━━━━━ Source information ━━━━━
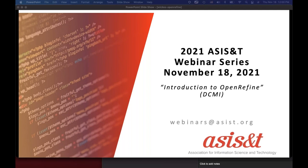Hello, I'm Kathy Nash with the ACES staff. I'd like to welcome everyone to today's webinar, which is entitled Introduction to OpenRefine. It's sponsored by DCMI. Our distinguished presenter is Elizabeth Wicks from the University of Illinois. Our moderator is Inkyung Choi, also from the University of Illinois.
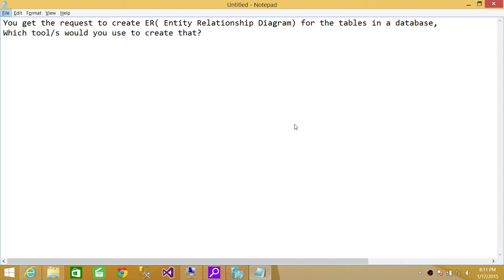So answer depends on the scenarios. If your entity relationship diagram is going to be really complicated then I would suggest that you use Erwin. I have used Erwin myself and it's a pretty slick tool.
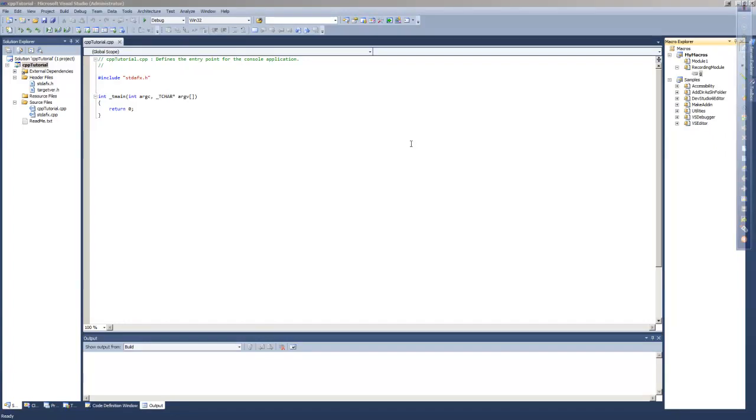Dan Perry here for Danone Tech with another C and C++ tutorial. In this tutorial we're still looking at the interface of Visual Studio, and the first thing I'm going to do is make a few changes to the way it looks.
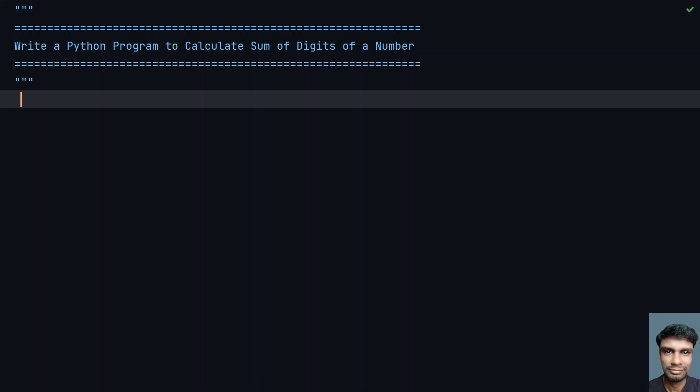Hey guys, welcome to my YouTube channel. In this video, let's learn how to write a Python program to calculate the sum of digits of a number.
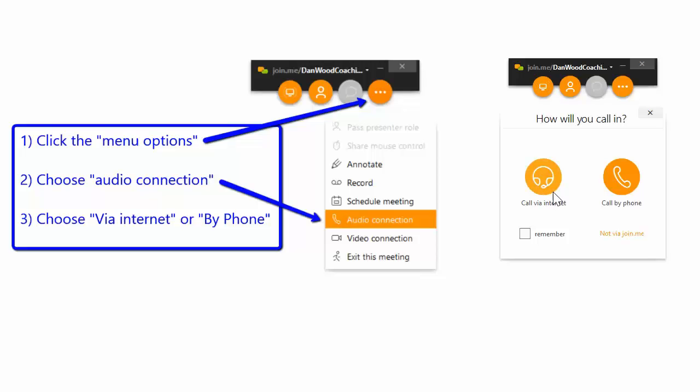If you're on an older computer that doesn't have any of that, then you'll want to connect using the phone that's by you, or your cell phone, and you simply click on Call By Phone.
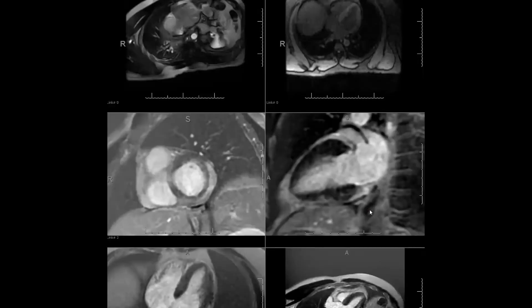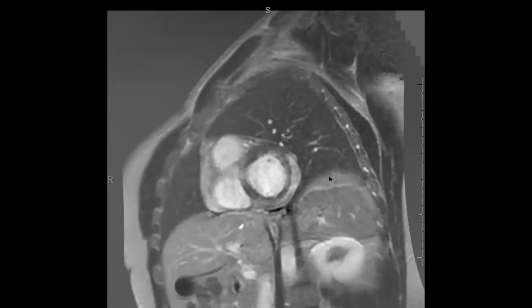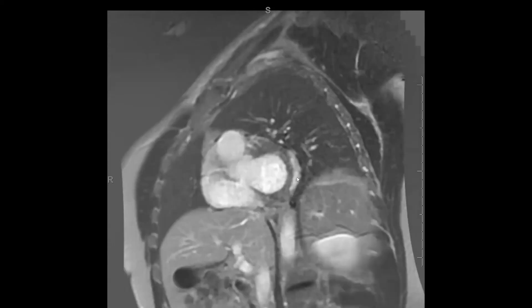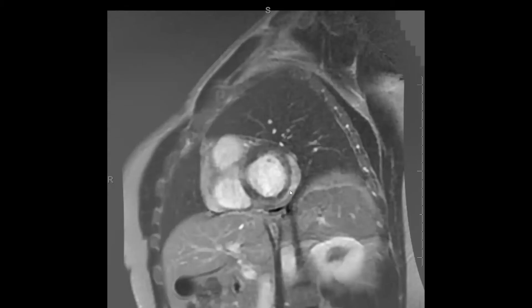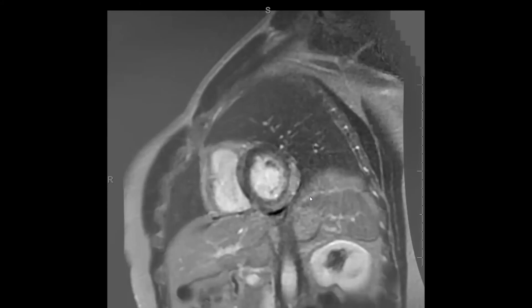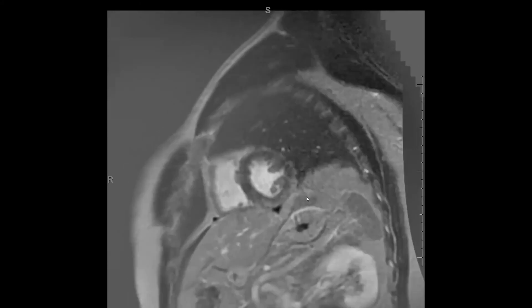Here are the delayed hyperenhancement images — short axis delayed hyperenhancement images after gadolinium contrast. In the same distribution where we saw abnormal T2 signal on STIR imaging, we see areas of abnormal delayed hyperenhancement within the subepicardial portion of the LV, again in the inferior wall, inferolateral wall, and lateral wall. Very abnormal.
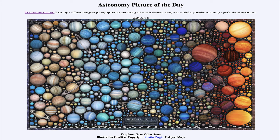Greetings and welcome to the Astronomy Picture of the Day podcast. Today's picture for July 8th of 2024 is titled Exoplanet Zoo, Other Stars.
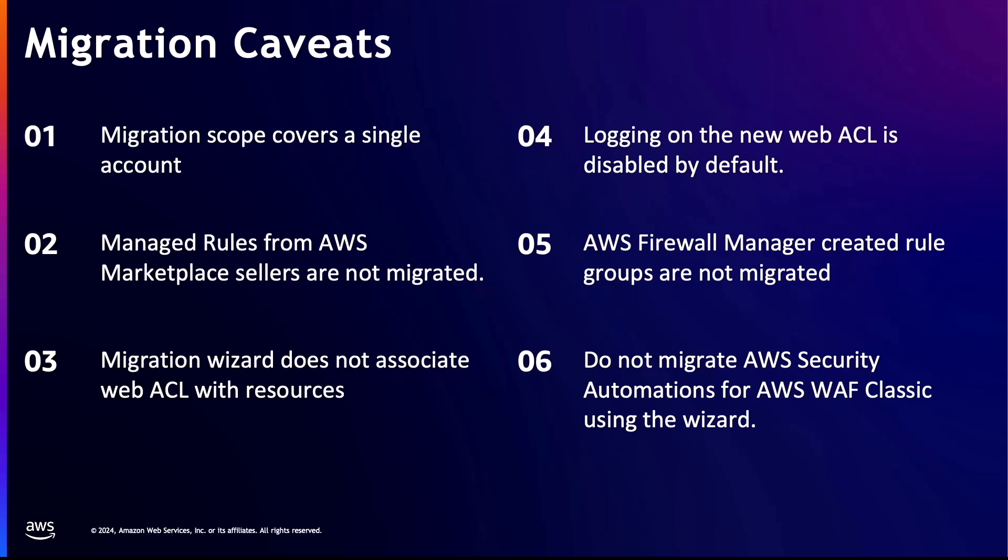Before resubscribing to marketplace rule groups, take a look at the AWS managed rules included with AWS WAF for free, as they may be able to provide the protections that you need. Third is that the migration wizard does not bring over any associations between your web access control list and protected resources. This is designed to prevent disruptions in your production environment. After verifying that your migration is successful, you will need to manually associate your new web access control list with your resources.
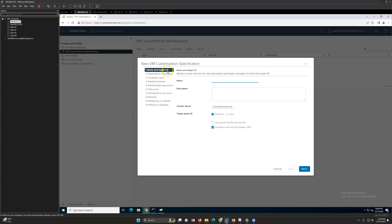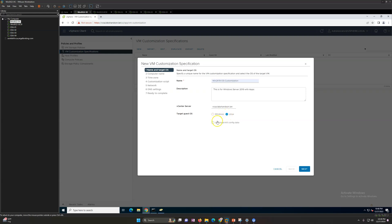Click Create New and select the operating system. I'll name this 'win2k19 OS Customization' with the description 'This is for Windows Server 2019 with apps.' Select the target OS — in my case Windows, though you can select Linux or use cloud-init config data. Select the vCenter — in my case vcsc.labsandon.lan — and select 'Generate a new security identity' which will generate a new SID for the virtual machine. Click Next.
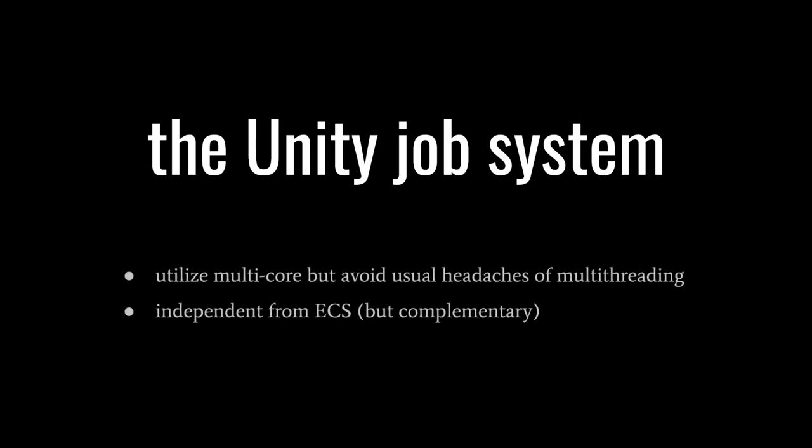The Unity job system enables us to utilize multiple cores in our game code, but without the usual headaches of writing multithreaded code. In this video, I'll discuss only the job system and not ECS, which is independent of the job system, though highly complementary when used in conjunction.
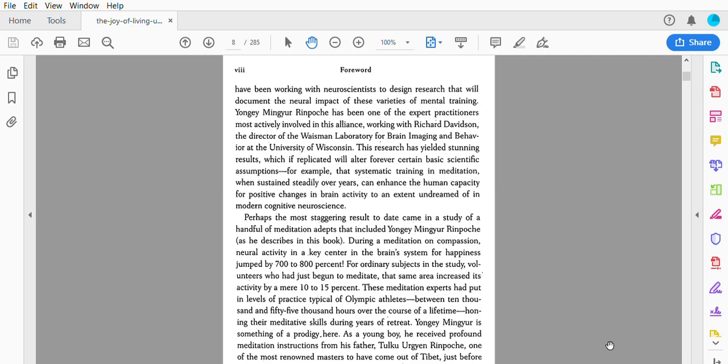Perhaps the most staggering result to date came in a study of a handful of meditation adepts that included Yongey Mingyur Rinpoche. As he describes in this book, during a meditation on compassion, neural activity in a key center in the brain systems for happiness jumped by 700 to 800 percent. For ordinary subjects in this study—volunteers who had just begun to meditate—that same area increased its activity by a mere 10 to 15 percent. These meditation experts had put in a level of practice typical of Olympic athletes.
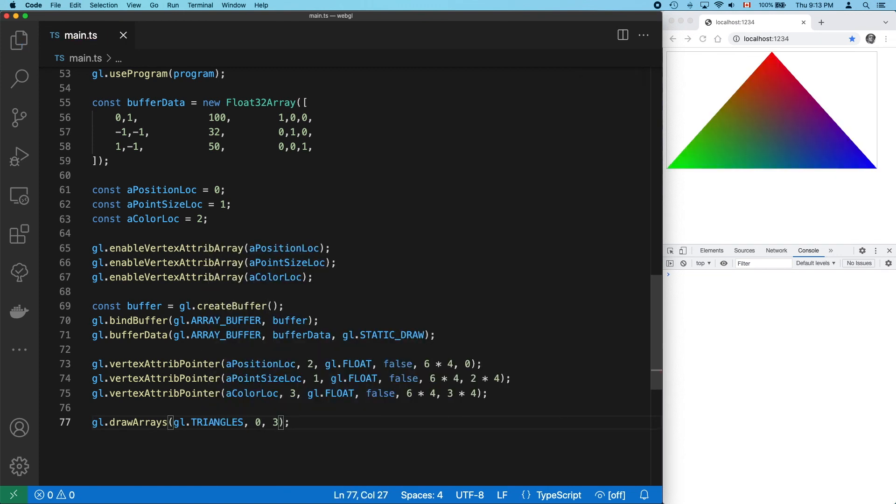Or we can use triangles. Notice that the colors at the three points of the triangle, the three vertices, match the colors of the original three points with our point primitives. What we have here is the real foundation of almost everything that you'll ever do in WebGL.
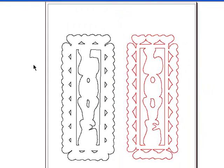We have now created a GSD file, and previously we created an SVG file, an EPS file, and a DXF file. This concludes our tutorial. I hope this has been helpful to you, and I wish you lots of success.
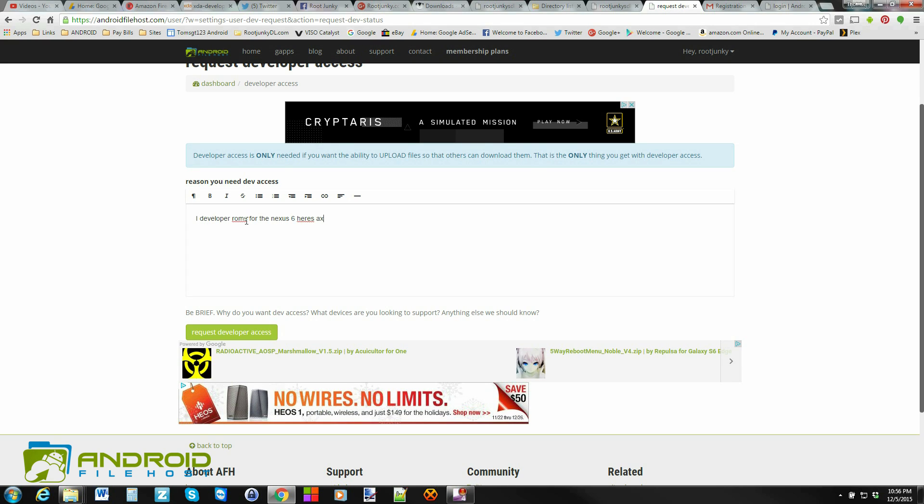Just whatever you want to do, just give them some basic information so that the admin can see this and say, okay, you're not a bot, first of all. And then they can say, okay, he needs developer access because he's going to start hosting his ROMs with us. Pretty much it.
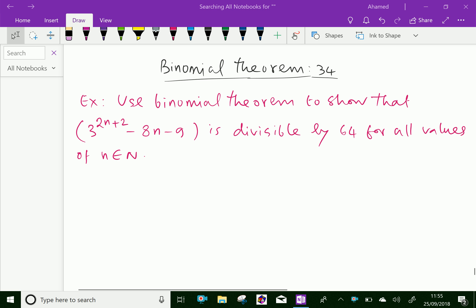Welcome to amineacademy.com. In binomial theorem, let us do some example problem regarding binomial expansion. Look at this example: Use binomial theorem to show that 3 power 2n plus 2 minus 8n minus 9 is divisible by 64 for all values of n, where n is an element of natural number.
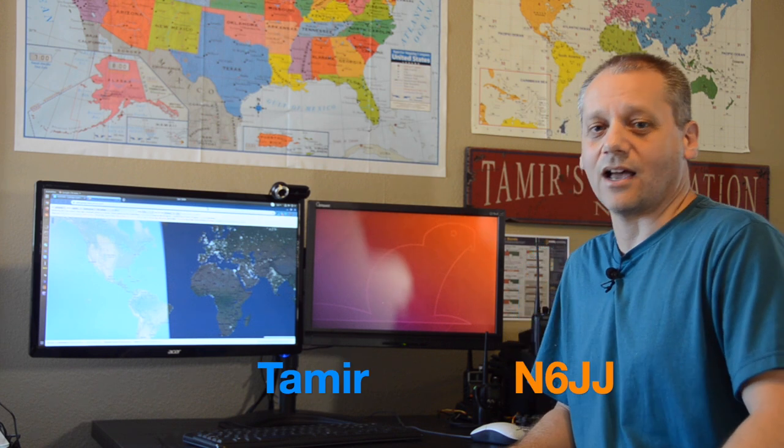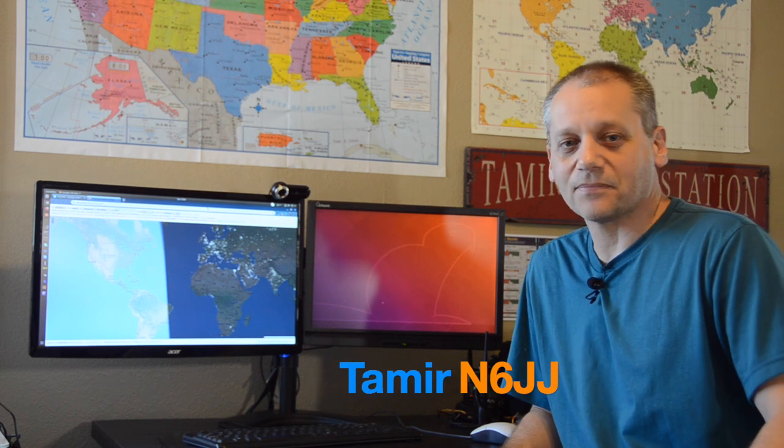Hi and welcome back to the Reham Radio Channel. I'm Tamir, N6JJ.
━━━━━
- [What is expected] When you reach the line with "If you're on" in the records above, begin repeating the lines exactly, and stop after the line with "Before resubscribing to". Skip all pictures.

- [Task output]
If you're on an older computer that doesn't have any of that, then you'll want to connect using the phone that's by you, or your cell phone, and you simply click on Call By Phone.
Here are the delayed hyperenhancement images — short axis delayed hyperenhancement images after gadolinium contrast. In the same distribution where we saw abnormal T2 signal on STIR imaging, we see areas of abnormal delayed hyperenhancement within the subepicardial portion of the LV, again in the inferior wall, inferolateral wall, and lateral wall. Very abnormal.
Greetings and welcome to the Astronomy Picture of the Day podcast. Today's picture for July 8th of 2024 is titled Exoplanet Zoo, Other Stars.
Before resubscribing to marketplace rule groups, take a look at the AWS managed rules included with AWS WAF for free, as they may be able to provide the protections that you need. Third is that the migration wizard does not bring over any associations between your web access control list and protected resources. This is designed to prevent disruptions in your production environment. After verifying that your migration is successful, you will need to manually associate your new web access control list with your resources.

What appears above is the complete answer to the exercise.